For these people, having signs of trafficking in their histories is therefore potentially damaging. Referrals are largely filled out by the Home Office and frontline staff, but their existence can later be used to suggest deception on the part of the people seeking asylum. If the Home Office later fails to find evidence of the trafficking it or other frontline workers have raised alarms about, it is the applicant who will suffer.
As such, asylum seekers would be better off if the NRM did not exist.
Resisting the NRM
Abolishing the NRM sounds drastic, but believing that it should continue because more ‘genuine victims’ are being identified and supported each year is also misguided. The NRM is growing in spite of widespread resistance and harm.
Since 2015, public authorities in England and Wales have had a ‘duty to notify’ the Home Office of anyone who is suspected of being a victim of modern slavery but who refuses to enter the NRM. In 2024, 5,598 Duty to Notify reports were sent to the Home Office, alongside 19,125 referrals. That means that around one person in five rejected entering the NRM, and first responders don’t always fill out those forms when people refuse.
What’s more, not everybody who did end up entering the NRM did so of their own free will. My research shows that people are being referred into the NRM because they are not told about the referral (despite it requiring consent), or are misinformed about it, or are coerced into it.
This is what it takes to grow the NRM on this scale, because the NRM does more harm than just threatening to damage asylum claims. Thousands who enter receive no support at all, and people who do are subject to impoverishing conditions. By delaying asylum decisions for people inside the NRM, the NRM prolongs their impoverishment for months or years because asylum decisions are paused until NRM decisions are finalised. Thousands of people are referred into the NRM more than once, so many have experience of what they are refusing to enter.
Rather than protecting them from the brutalities of the immigration system, being identified as a potential victim of trafficking is causing serious harm to migrant people in the UK. Yes, some people in particular circumstances are currently better off consenting to the NRM. For instance, some have used positive NRM decisions to appeal a rejected asylum claim that was based on a fear of re-trafficking. While NRM decisions can carry weight in these scenarios, its input is not strictly necessary – judges can independently assess evidence and reach their own conclusions on whether a person has been trafficked. Regardless, if we step back and consider the NRM’s overall impact rather than its best possible impacts on a few, it becomes clear that the NRM needs to go.

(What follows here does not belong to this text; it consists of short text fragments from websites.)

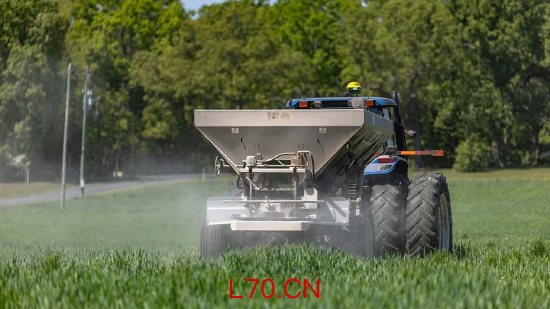 2026 年 4 月 10 日，北卡罗来纳州中国林 Grove 地区，农民正在田间施肥。美以联合空袭伊朗后，伊朗封锁了霍尔木兹海峡 —— 全球能源运输的关键水道，导致美国农民面临化肥和柴油价格飙升的双重打击。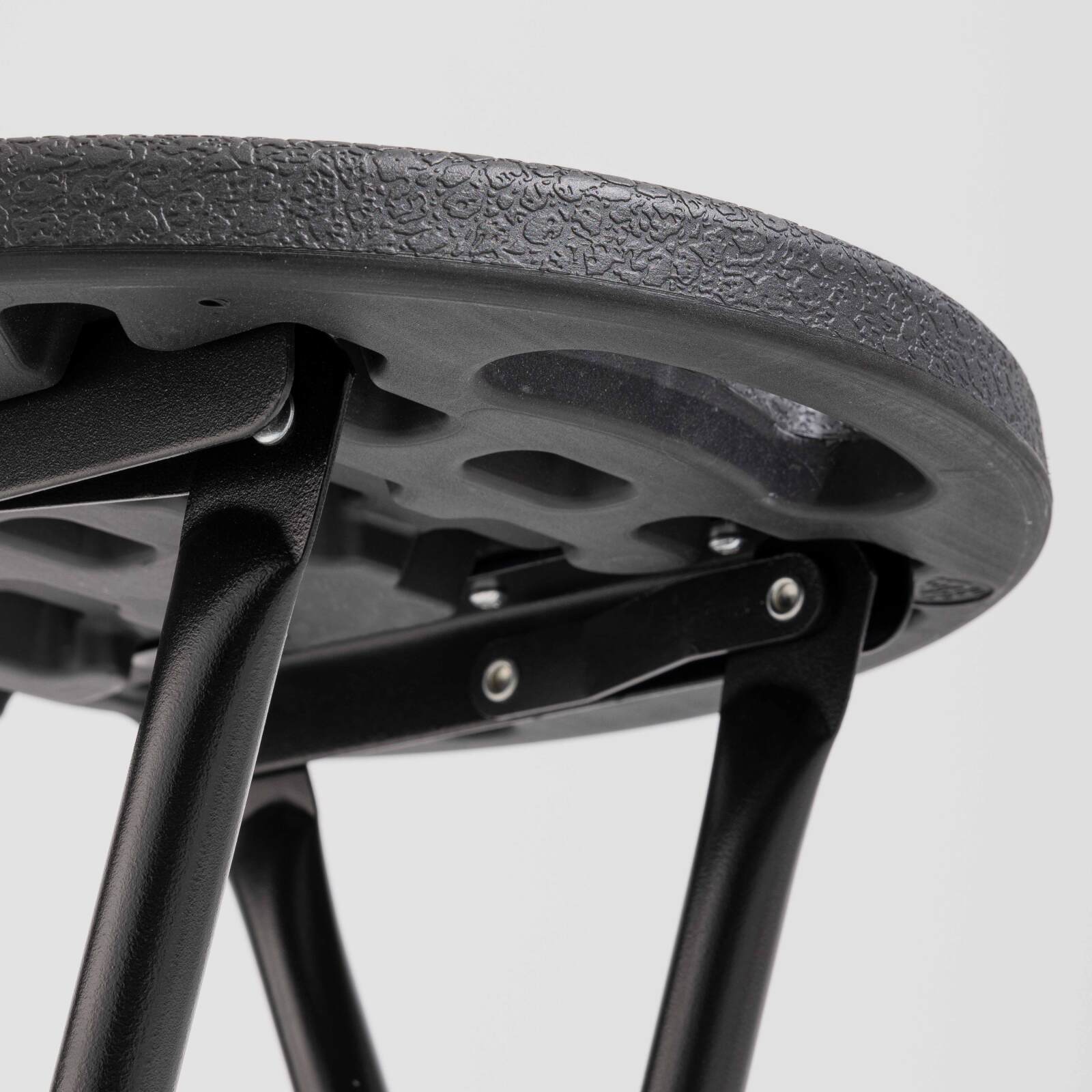 Set mit 10 schwarzen klappbaren Hochhockern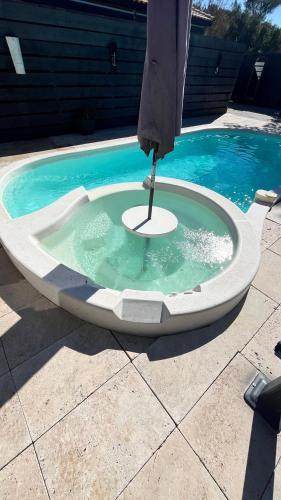 La yourte de Nîmes, sauna, spa , jacuzzi piscine et aire de jeux privatif
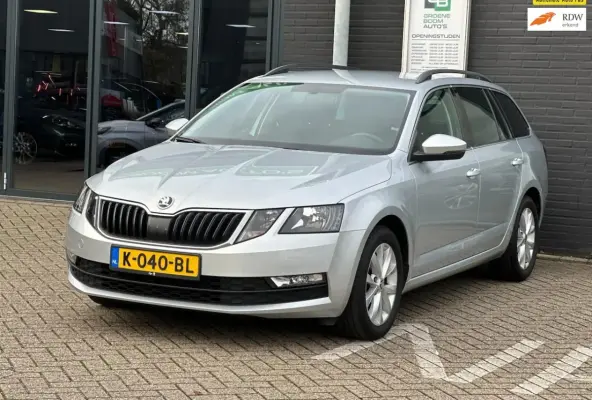 1.0 TSI Greentech Business Edition/1STE EIG/CARPLAY/NL-AUTO NAP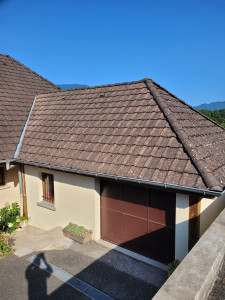 Photo de galerie - Voici une toiture qui  vas être traité demoussage et impermabilisation client sur  droumetaz .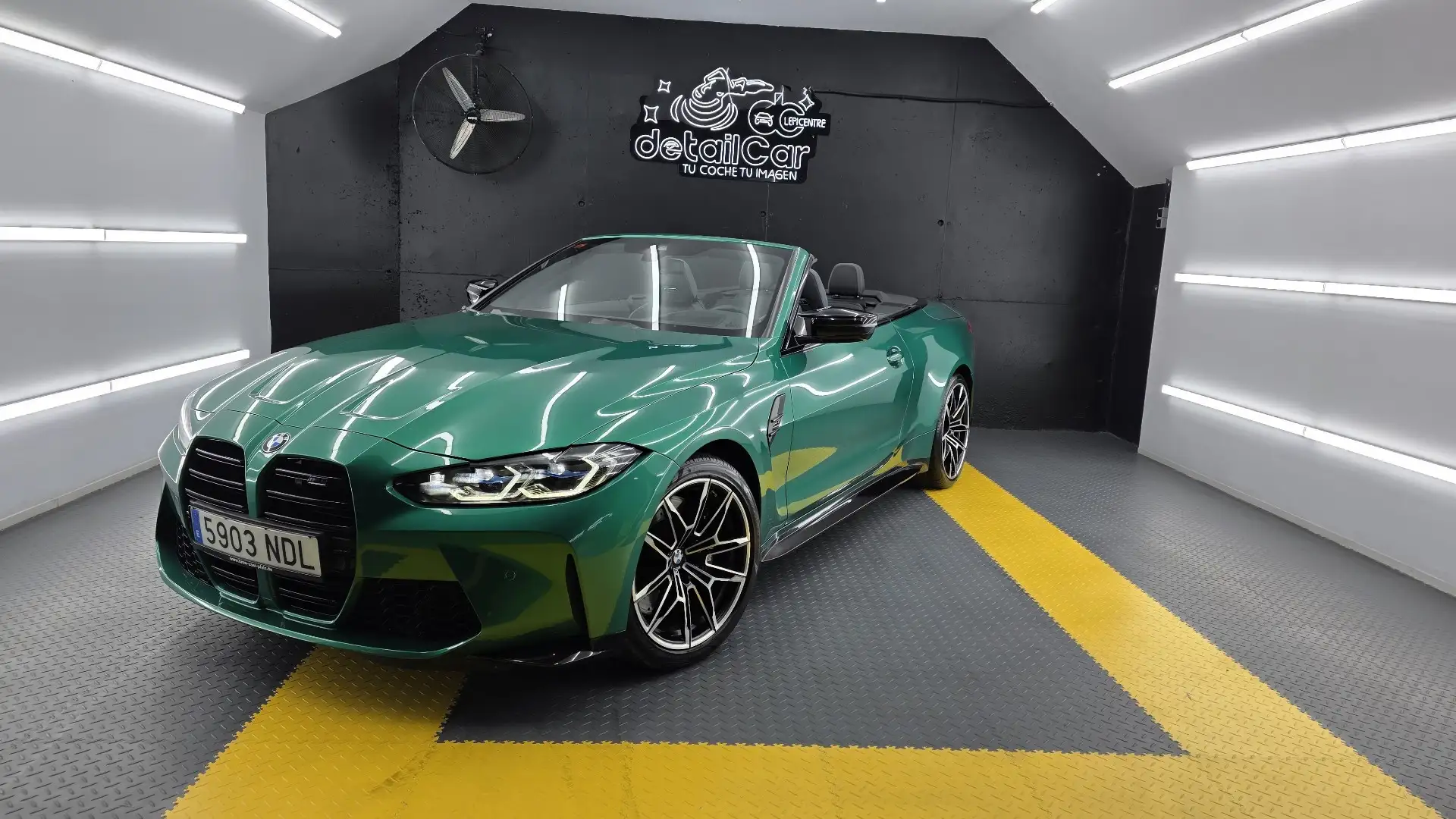 BMW M4 Cabrio Competition M xDrive - 1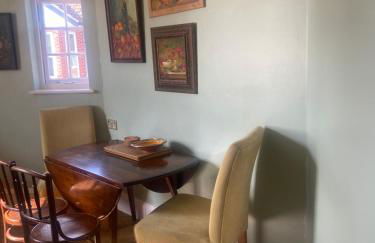 The Blue Door - Photo 9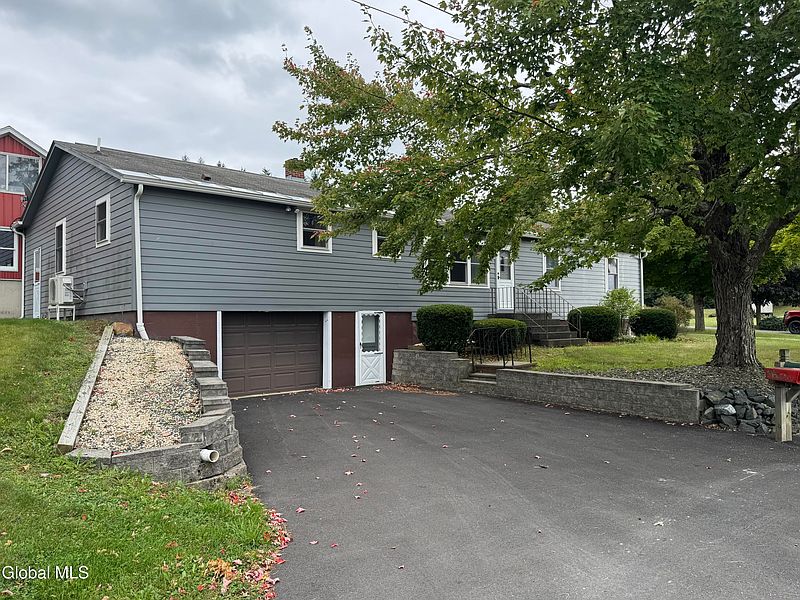 2nd image of 474 Groveside Road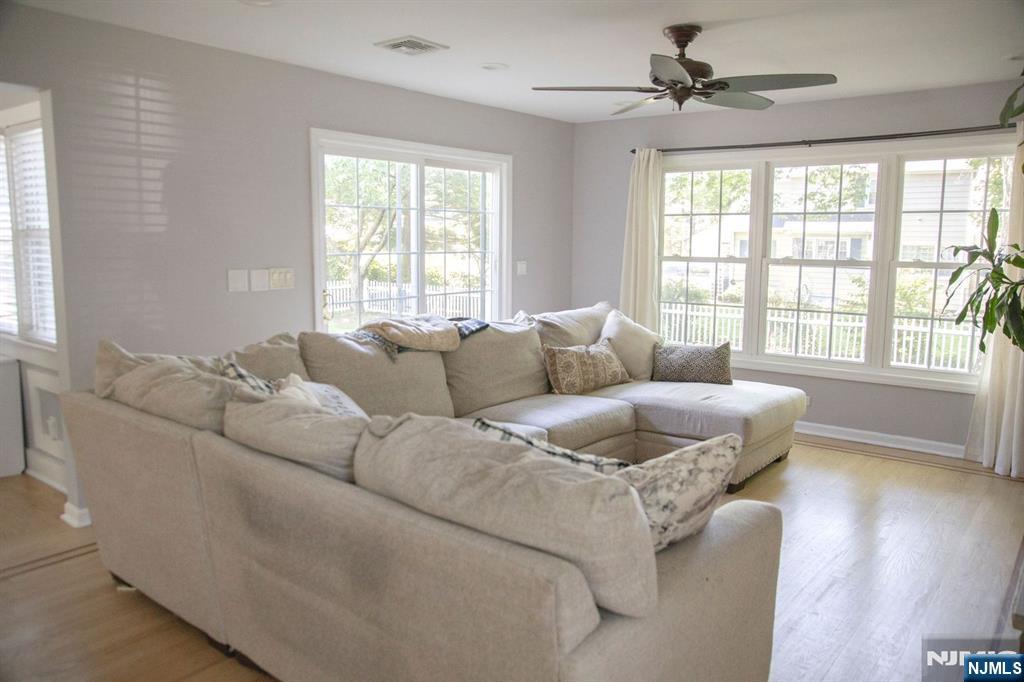 22 Warren Road Fair Lawn, NJ 07410 - Photo 11 of 45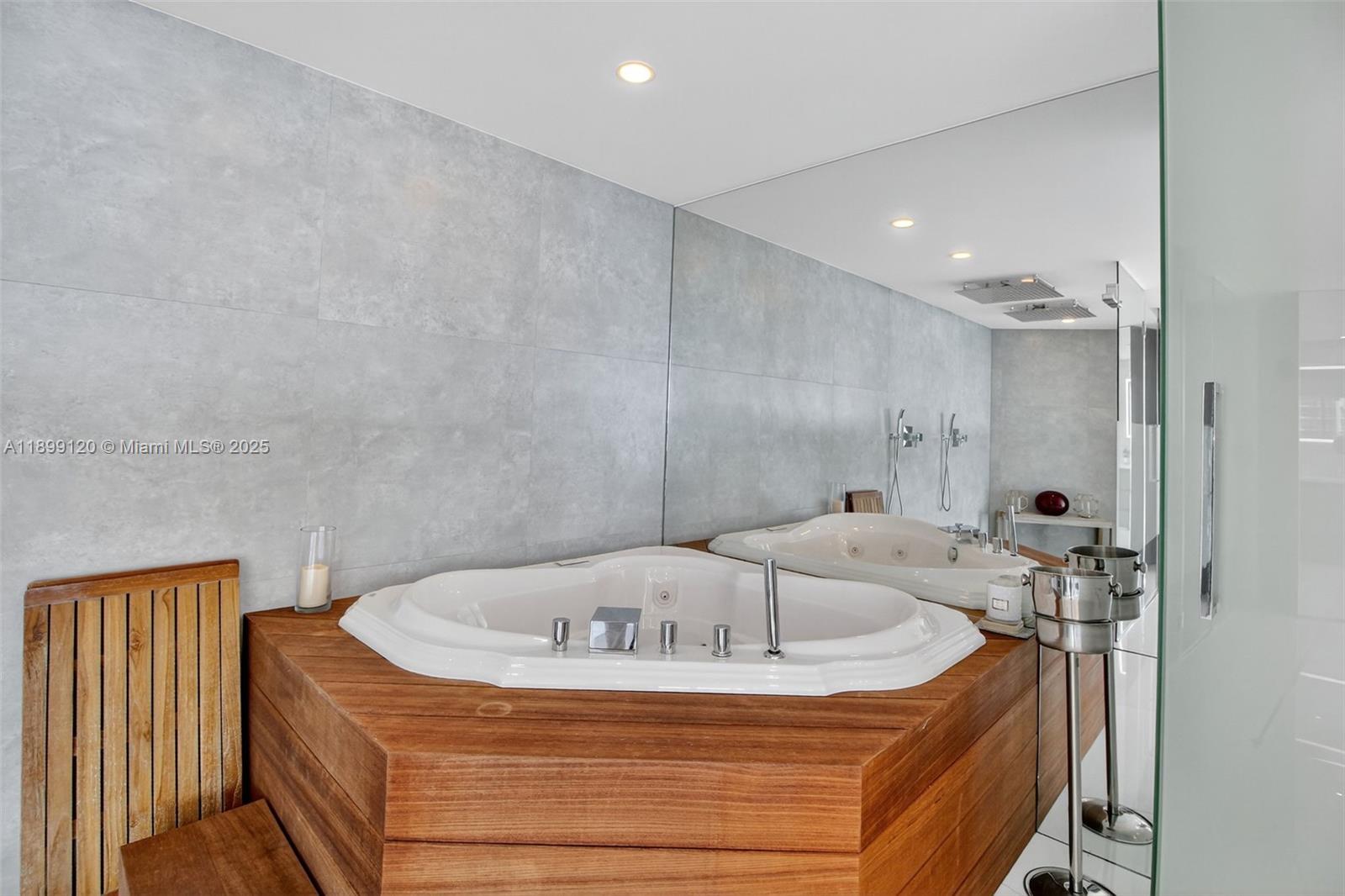 PORTOFINO TOWER CONDO - Residential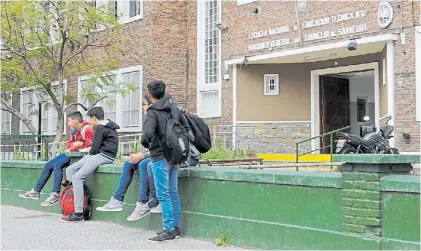  ?? NÉSTOR GARCÍA ?? Sin clases. La puerta del colegio Cornelio Saavedra, ayer, en el barrio de Parque Avellaneda.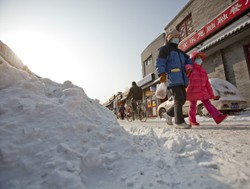Za śnieg na chodniku grozi mandat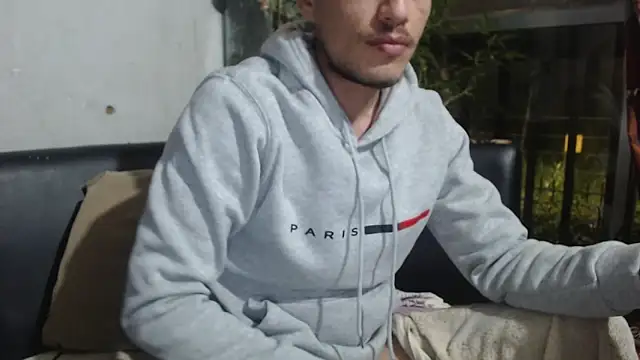 roystonee01 online show from 18, 11, 2025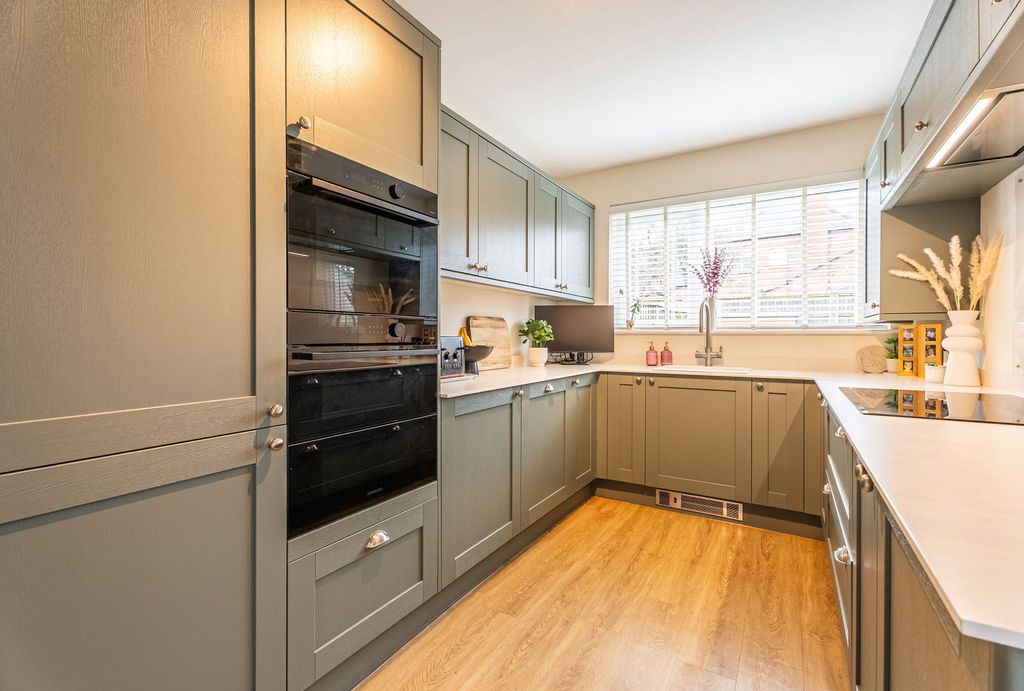 Property photo 2 of 34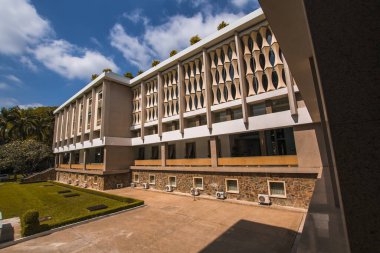 Ho Chi Minh şehri, Vietnam - 16 Şubat 2020: Saigon 'un merkezindeki tarihi bir yapı olan Bağımsızlık Sarayı' nın (Dinh Thong Nhat) iç görünümü.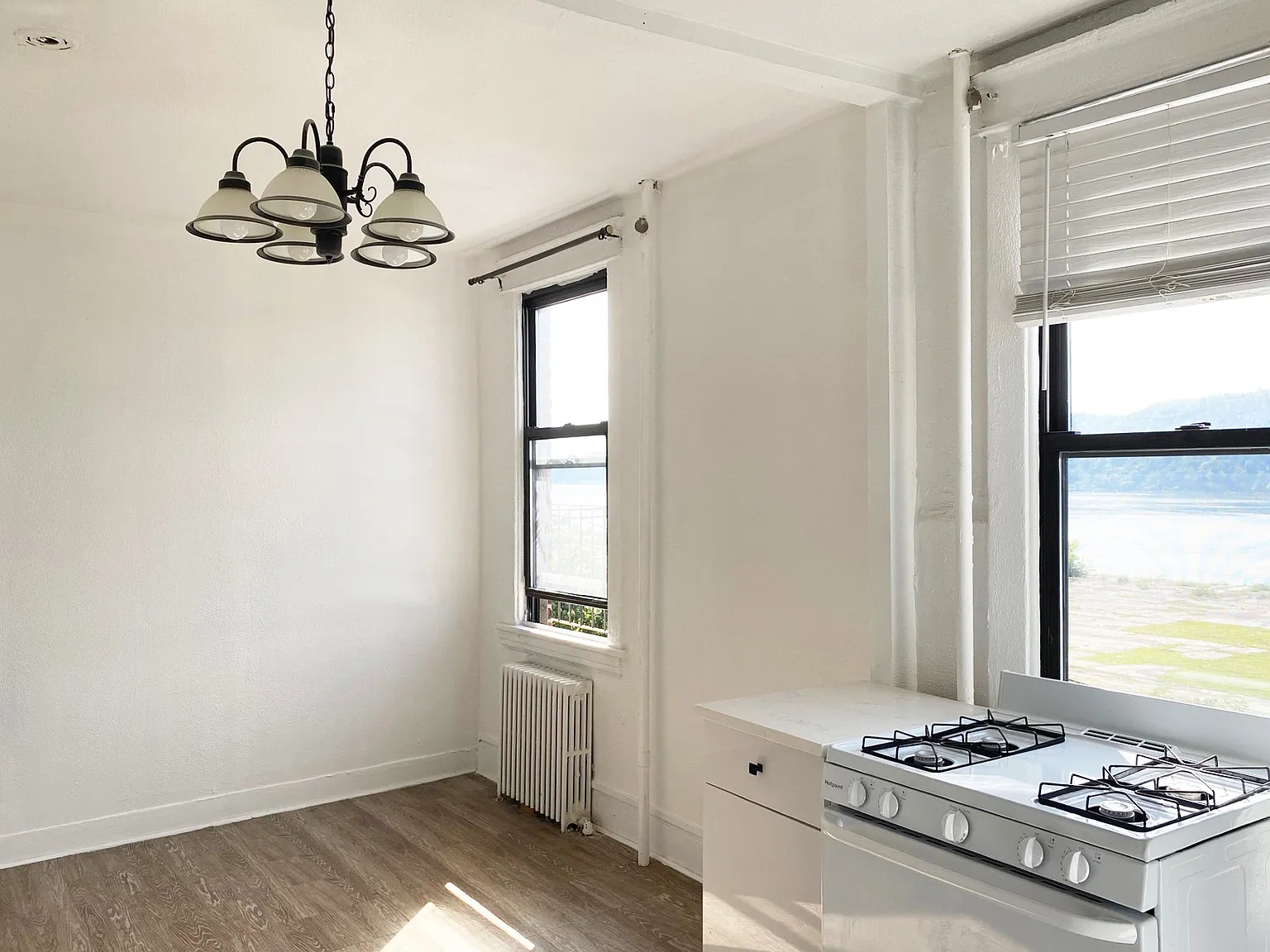 1 bed, 500 sqft, $2,250 — Photo 3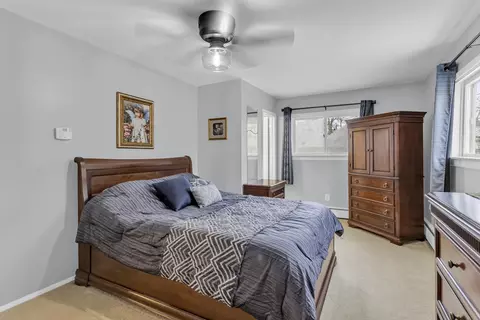 Bedroom - 337 Hillside Ave, Jackson, MI 49203 photo 1 of 7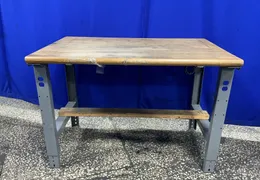 30”X48” WORK BENCH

This holds for UK nationals as well. Being identified as a victim of modern slavery does not provide meaningful support. But it can result in increased surveillance and control, as well as the splitting up of families and social networks. Here, as elsewhere, mechanisms for the oppression of migrant people with insecure status are being extended to the citizenry.
Contrary to the prevailing lens in which our eyes are fixed on the legal possibilities of the NRM, we must instead take seriously that the NRM can negatively affect people’s asylum claims (whether they enter or not) and perpetuate their impoverishment. This may come as a surprise to those invested in seeing the NRM as a pathway for emancipation. But it is nonetheless the case.
It is time to stop trying to reform the NRM bureaucracy, but to abolish it. Asylum seekers would be better off without it.